[PATCH 2/3] hugetlb: derive huge pages nodes allowed from task mempolicy

Lee Schermerhorn <lee.schermerhorn@xxxxxx> · Wed, 08 Jul 2009 15:24:46 -0400

[PATCH 2/3] hugetlb:  derive huge pages nodes allowed from task mempolicy

Against: 25jun09 mmotm atop the "hugetlb: balance freeing..." series

V2:
+ cleaned up comments, removed some deemed unnecessary,
  add some suggested by review
+ removed check for !current in huge_mpol_nodes_allowed().
+ added 'current->comm' to warning message in huge_mpol_nodes_allowed().
+ added VM_BUG_ON() assertion in hugetlb.c next_node_allowed() to
  catch out of range node id.
+ add examples to patch description

This patch derives a "nodes_allowed" node mask from the numa
mempolicy of the task modifying the number of persistent huge
pages to control the allocation, freeing and adjusting of surplus
huge pages.  This mask is derived as follows:

* For "default" [NULL] task mempolicy, a NULL nodemask_t pointer
  is produced.  This will cause the hugetlb subsystem to use
  node_online_map as the "nodes_allowed".  This preserves the
  behavior before this patch.
* For "preferred" mempolicy, including explicit local allocation,
  a nodemask with the single preferred node will be produced. 
  "local" policy will NOT track any internode migrations of the
  task adjusting nr_hugepages.
* For "bind" and "interleave" policy, the mempolicy's nodemask
  will be used.
* Other than to inform the construction of the nodes_allowed node
  mask, the actual mempolicy mode is ignored.  That is, all modes
  behave like interleave over the resulting nodes_allowed mask
  with no "fallback".

Because we may have allocated or freed a huge page with a 
different policy/nodes_allowed previously, we always need to
check that the next_node_to_{alloc|free} exists in the current
nodes_allowed mask.  To avoid duplication of code, this is done
in the hstate_next_node_to_{alloc|free}() functions.  So,
these functions have been modified to allow them to be called
to obtain the "start_nid".  Then, whereas prior to this patch
we unconditionally called hstate_next_node_to_{alloc|free}(),
whether or not we successfully allocated/freed a huge page on
the node, now we only call these functions on failure to alloc/free.

Notes:

1) This patch introduces a subtle change in behavior:  huge page
   allocation and freeing will be constrained by any mempolicy
   that the task adjusting the huge page pool inherits from its
   parent.  This policy could come from a distant ancestor.  The
   adminstrator adjusting the huge page pool without explicitly
   specifying a mempolicy via numactl might be surprised by this.
   Additionaly, any mempolicy specified by numactl will be
   constrained by the cpuset in which numactl is invoked.

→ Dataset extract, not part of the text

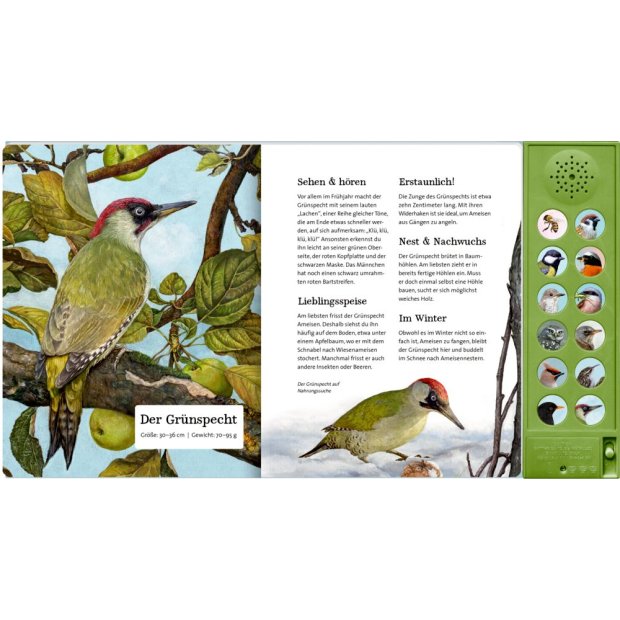 Coppenrath Was singt und summt im Apfelbaum? (Soundbuch)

2) Hugepages allocated at boot time use the node_online_map.
   An additional patch could implement a temporary boot time
   huge pages nodes_allowed command line parameter.

3) Using mempolicy to control persistent huge page allocation
   and freeing requires no change to hugeadm when invoking
   it via numactl, as shown in the examples below.  However,
   hugeadm could be enhanced to take the allowed nodes as an
   argument and set its task mempolicy itself.  This would allow
   it to detect and warn about any non-default mempolicy that it
   inherited from its parent, thus alleviating the issue described
   in Note 1 above.

See the updated documentation [next patch] for more information
about the implications of this patch.

Examples:

Starting with:

	Node 0 HugePages_Total:     0
	Node 1 HugePages_Total:     0
	Node 2 HugePages_Total:     0
	Node 3 HugePages_Total:     0

Default behavior [with or without this patch] balances persistent
hugepage allocation across nodes [with sufficient contiguous memory]:

	hugeadm --pool-pages-min=2048Kb:32

yields:

	Node 0 HugePages_Total:     8
	Node 1 HugePages_Total:     8
	Node 2 HugePages_Total:     8
	Node 3 HugePages_Total:     8

Applying mempolicy--e.g., with numactl [using '-m' a.k.a.
'--membind' because it allows multiple nodes to be specified
and it's easy to type]--we can allocate huge pages on
individual nodes or sets of nodes.  So, starting from the 
condition above, with 8 huge pages per node:

	numactl -m 2 hugeadm --pool-pages-min=2048Kb:+8

yields:

	Node 0 HugePages_Total:     8
	Node 1 HugePages_Total:     8
	Node 2 HugePages_Total:    16
	Node 3 HugePages_Total:     8

The incremental 8 huge pages were restricted to node 2 by the
specified mempolicy.

Similarly, we can use mempolicy to free persistent huge pages
from specified nodes:

	numactl -m 0,1 hugeadm --pool-pages-min=2048Kb:-8

yields:

	Node 0 HugePages_Total:     4
	Node 1 HugePages_Total:     4
	Node 2 HugePages_Total:    16
	Node 3 HugePages_Total:     8

The 8 huge pages freed were balanced over nodes 0 and 1.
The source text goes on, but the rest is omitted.